Policy Position Paper
19 April 2005
Issue 3: Uniform National System for Elections to National Office
In the past two national elections, the United States has faced major voting inconsistencies and problems. These problems have caused many citizens to lose faith in election process and in the government as well. The most obvious cases are the 2000 election in Florida and 2004 election in Ohio. Through these two instances, and many others, we have seen irrefutable evidence that the country needs a uniform voting system for national elections. Reforming the current systems will make the elections more reliable and help to eliminate doubt in those people holding offices. The best way to solve the problem is by establishing standard voting procedures for all national offices; voter qualifications and registration, operations of polls, and the machinery used to vote need to be uniform in all the states in order to regain the trust of the voters.

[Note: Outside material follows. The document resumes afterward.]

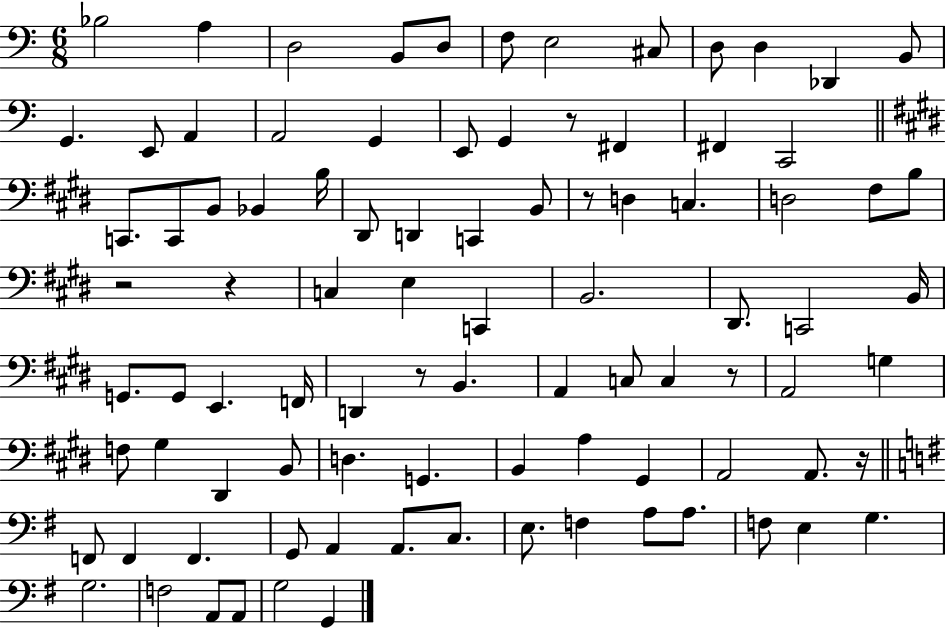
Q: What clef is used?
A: bass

The country became very aware during the 2000 election that the voting system was not reliable. In Florida, voters experienced problems which led to a major delay in the presidential election. The state was unprepared for the large turnout of voters, and the workers were not trained properly:
Despite the early signs of a large influx of new voters, Florida state election officials did not respond with the appropriate array of measures to avoid the chaos that occurred. The lack of sufficient and comparable resources and the absence of guidance from top state officials on matters such as voter education and effective poll worker training contributed to the incidence of spoiled and uncast ballots. (Foreman 2001, Executive Summary)
The voters experienced long lines, workers who did not understand procedures, voters were unclear of the location of polling places, and the inability of workers certify some voters caused many Floridians to miss the opportunity to vote (Foreman 2001, Executive Summary). Some voters, especially African-Americans, could not vote: “Florida’s overzealous efforts to purge voters from the rolls, conducted under the guise of an anti-fraud campaign, resulted in the inexcusable and patently unjust removal of disproportionate numbers of African American voters from Florida’s voter registration rolls for the November 2000 election” (Foreman 2001, Executive Summary). All of these problems in Florida’s counties caused the 2000 election fiasco.

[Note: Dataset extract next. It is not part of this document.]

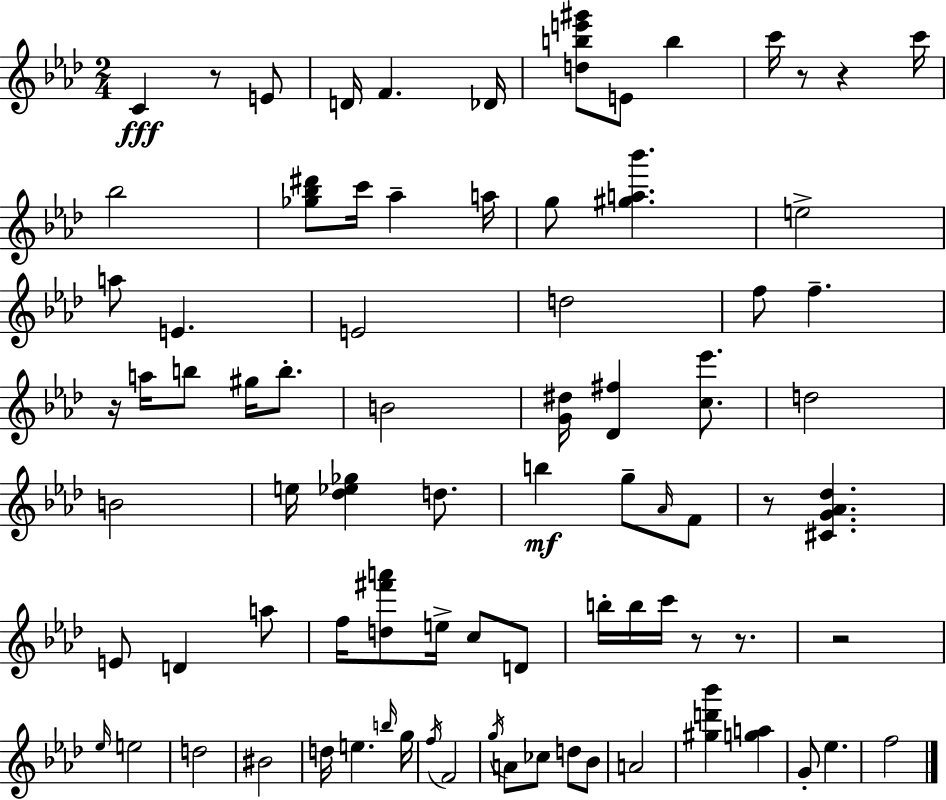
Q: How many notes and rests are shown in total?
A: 82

On election night false reports from news stations announced who won the state of Florida before all the votes were counted, and following their broadcasts began the drawn out process of counting the votes (Prosise 2001). Recounting the ballots was a daunting task that caused many voters to lose faith in the system and on actual winner of the election. Inconsistencies arose over which ballots should be counted and which should not as well as which counties should be recounted. One would assume that this would have been fixed by the next national election in 2004, but a similar situation occurred again in Ohio. There was no recount in the 2004 election which also caused confidence in the system to decline: “Regardless of who really won the 2004 Presidential election, the issues presented go to the very essence of democracy and possibly its survival. The cornerstone of the ‘will of the people’ is the vote […] the credibility of our elections is an issue of concern to all who truly support democracy, and, especially to the country that is supposed to be the example for the world” (Young 2004). The people need to be reassured that their vote counts and that the elections are reliable. The votes in Ohio and in Florida are just two instances of when the United States voting system has failed to be reliable.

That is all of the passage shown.